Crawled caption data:
****************

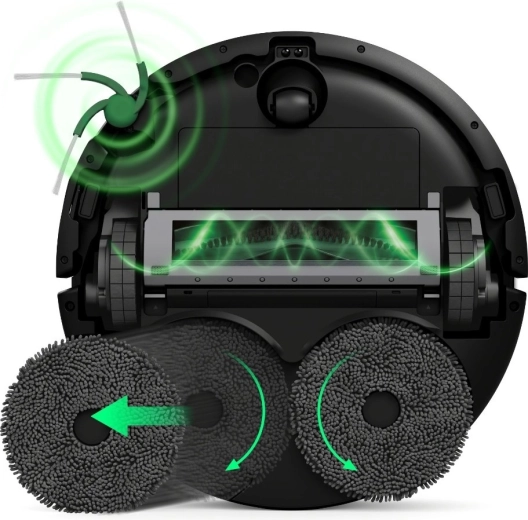 Intensiv mopping med SmartScrub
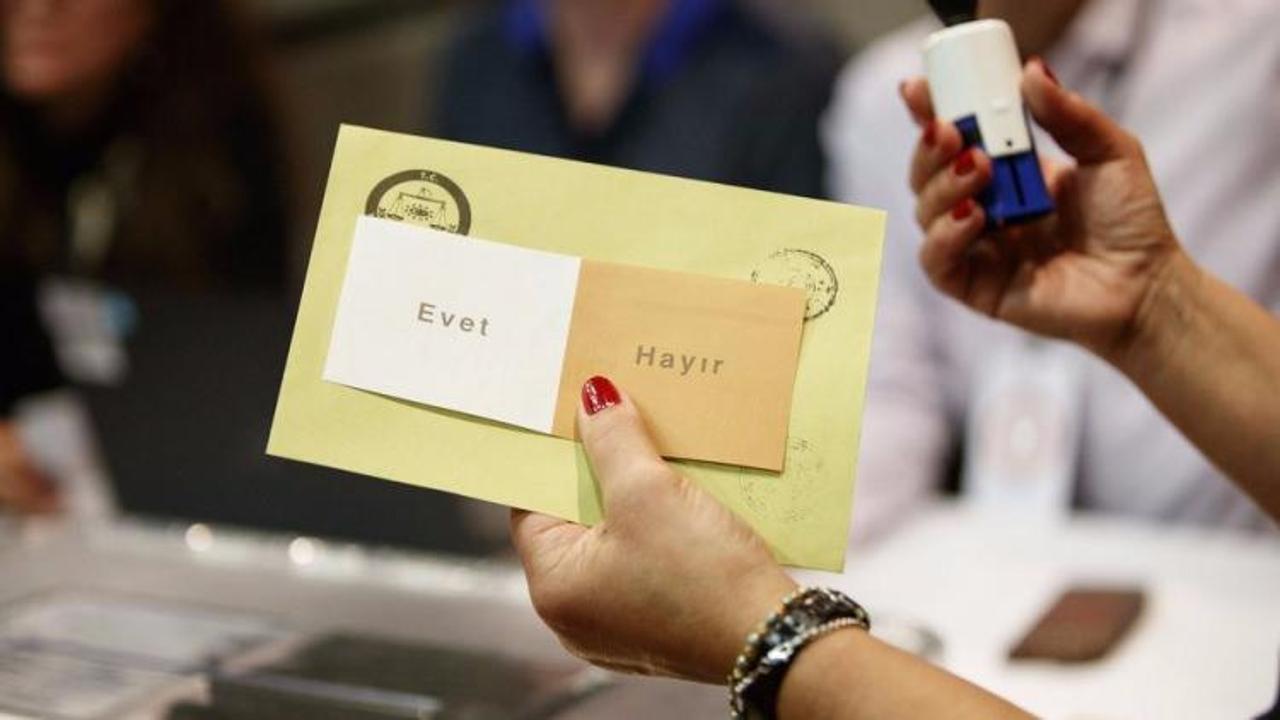 Türkiye geneli referandum sonuçları TIKLA ÖĞREN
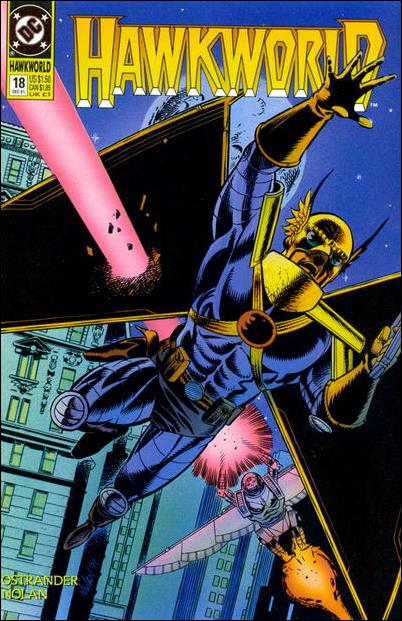 Hawkworld (1990) issue 18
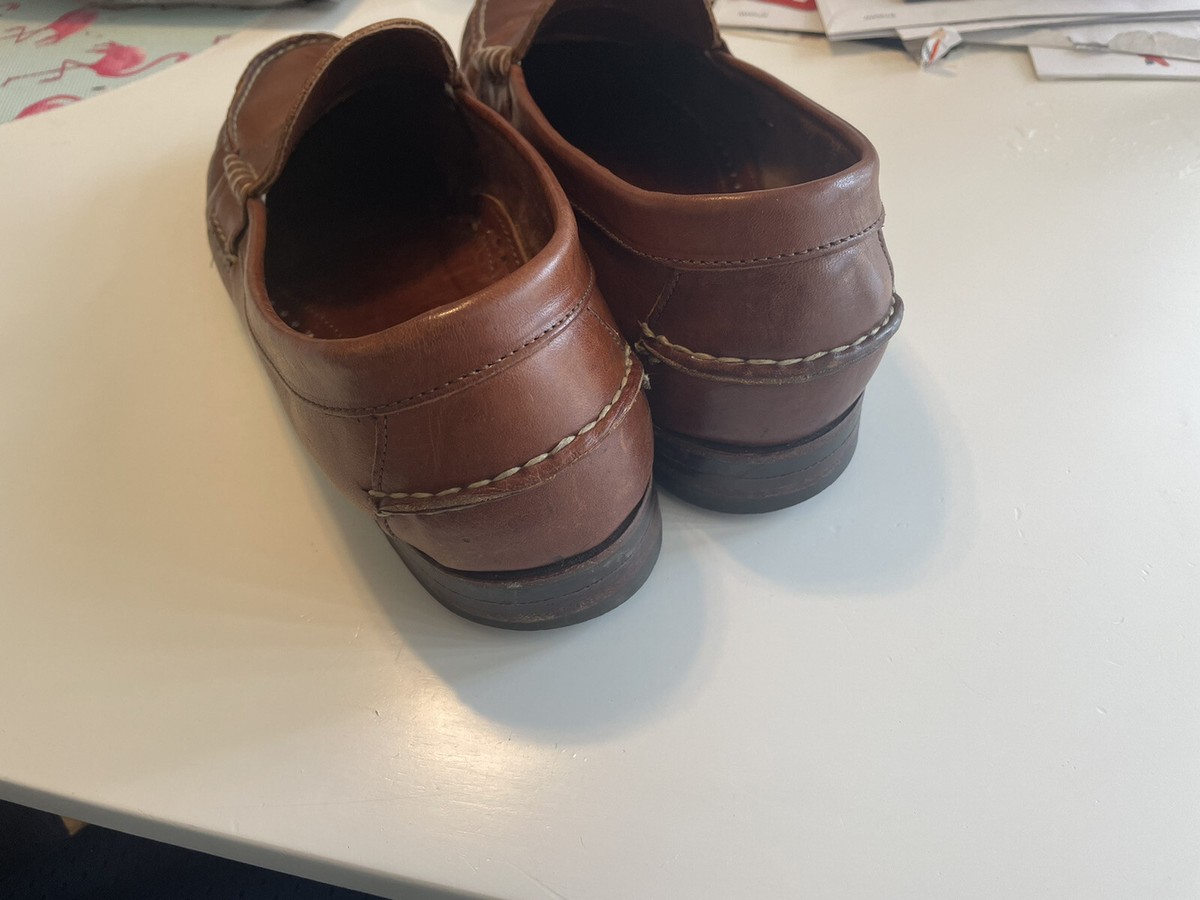 Allen Edmonds Loafers 9.5 Coppell | eBay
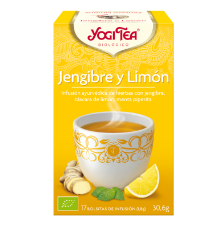 YOGI TEA JENGIBRE LIMON BIO...
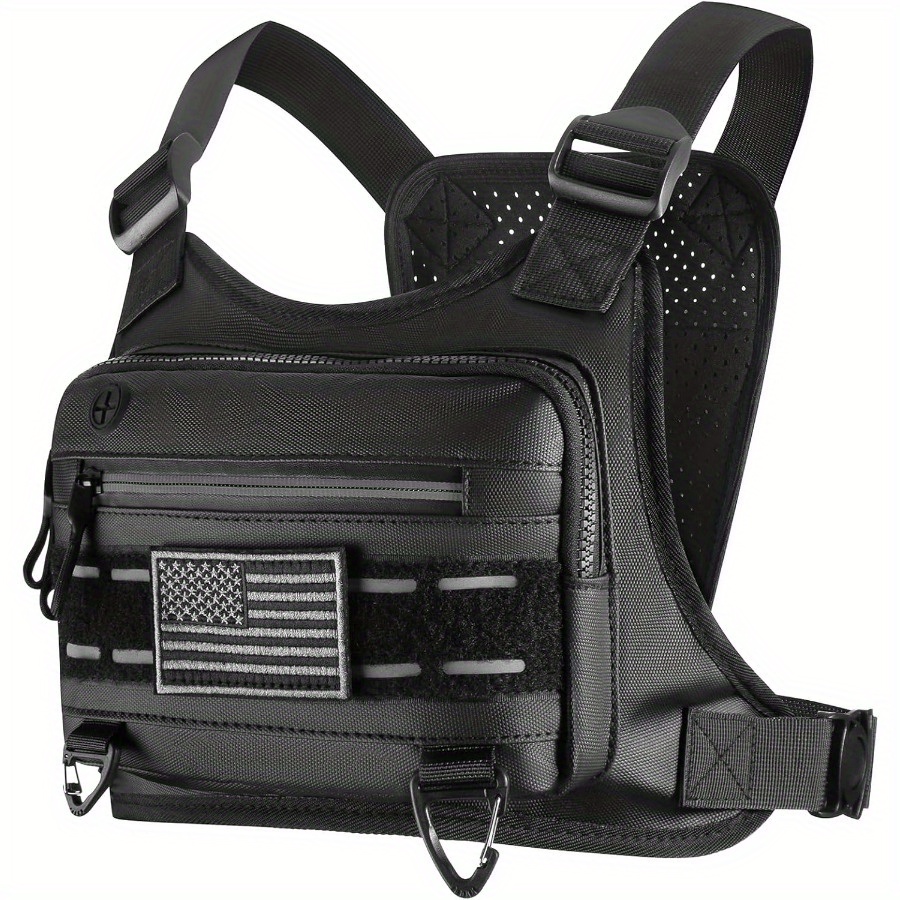 Rompi Lari Taktis - Tas Dada A - Running Gear Bag ulasan dan harga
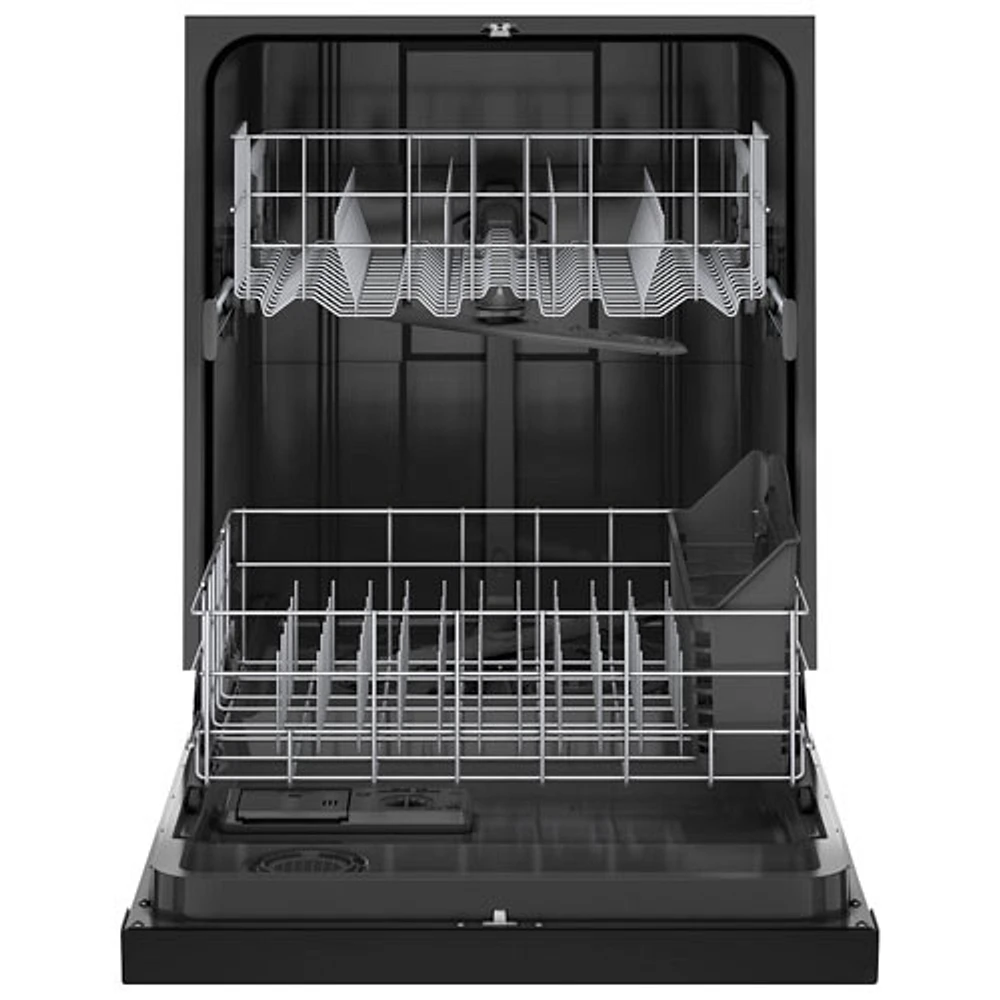 Lave-vaisselle encastrable 24 po 59 dB avec troisième panier d'Amana (ADFS2524RS) - Acier inoxydable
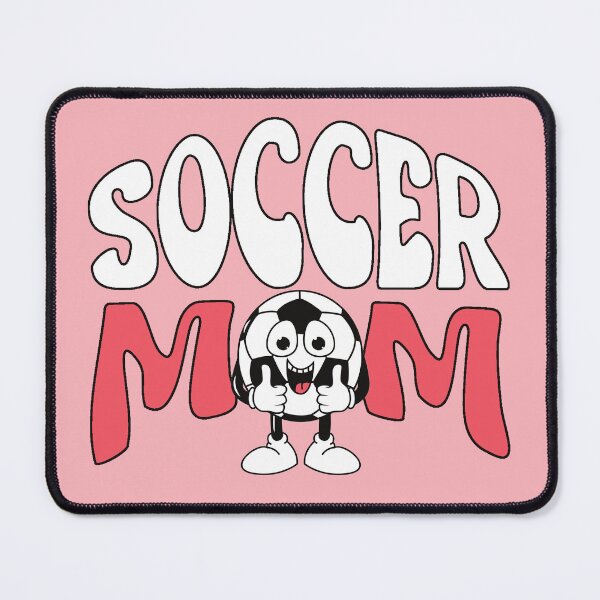 Item preview, Soccer Mom Retro designed and sold by RockBeeDesigns.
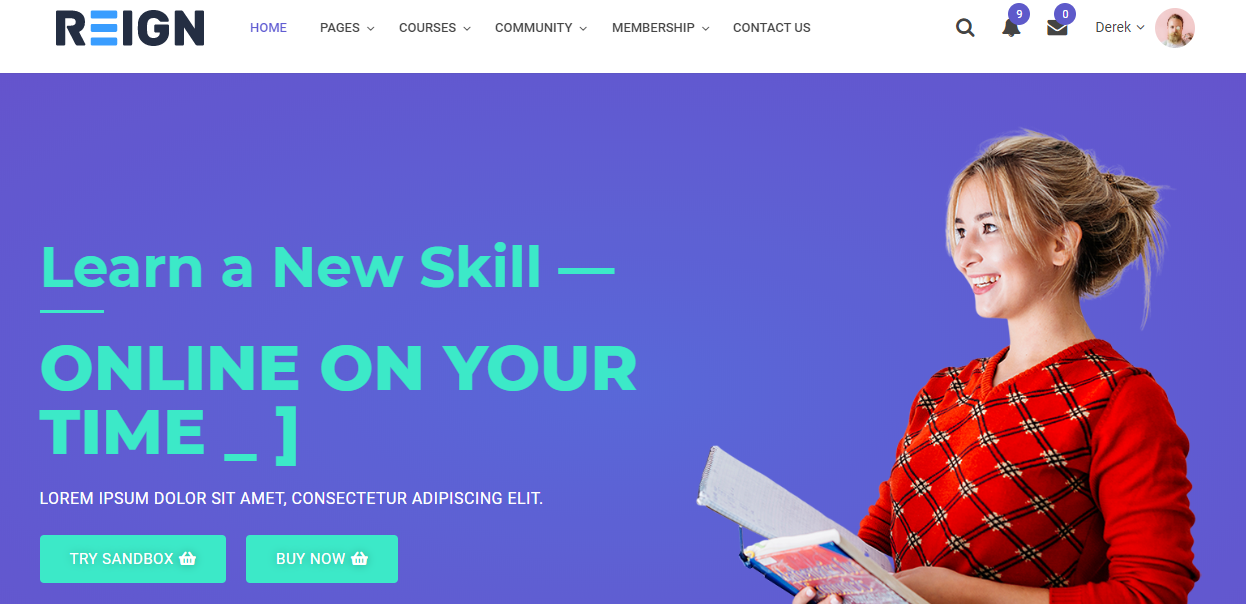reign learnmate lifterLMS demo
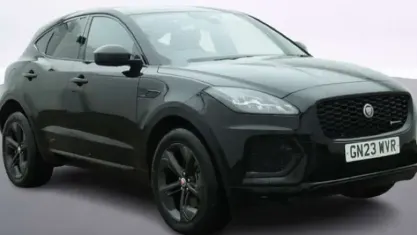 Second-hand Jaguar E-Pace R-Dynamic 309 CP (227 kW) 2022 Negru SUV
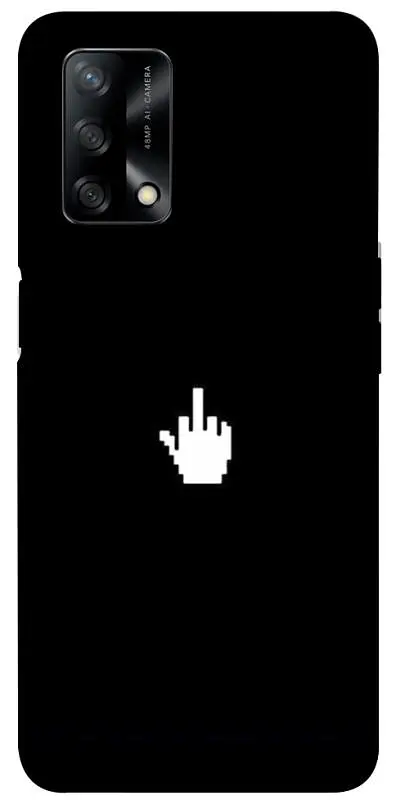 TPU чохол Demsky Cursor для Oppo A74 4G
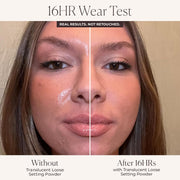 Laura Mercier Translucent Loose Setting Powder, 24HR Shine Control, Infused with Vitamins C + E, Soft Matte Finish, Normal to Oily Skin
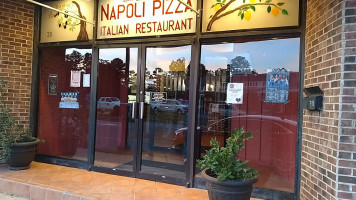 Napoli Pizza Italian food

****************

- **To do**
Only what runs from the line holding "YOGI TEA JENGIBRE LIMON BIO..." through the end of the entries above is to be given again, exactly, with every picture omitted.

- **Your solution**
 YOGI TEA JENGIBRE LIMON BIO...
 Rompi Lari Taktis - Tas Dada A - Running Gear Bag ulasan dan harga
 Lave-vaisselle encastrable 24 po 59 dB avec troisième panier d'Amana (ADFS2524RS) - Acier inoxydable
 Item preview, Soccer Mom Retro designed and sold by RockBeeDesigns.
reign learnmate lifterLMS demo
 Second-hand Jaguar E-Pace R-Dynamic 309 CP (227 kW) 2022 Negru SUV
 TPU чохол Demsky Cursor для Oppo A74 4G
 Laura Mercier Translucent Loose Setting Powder, 24HR Shine Control, Infused with Vitamins C + E, Soft Matte Finish, Normal to Oily Skin
 Napoli Pizza Italian food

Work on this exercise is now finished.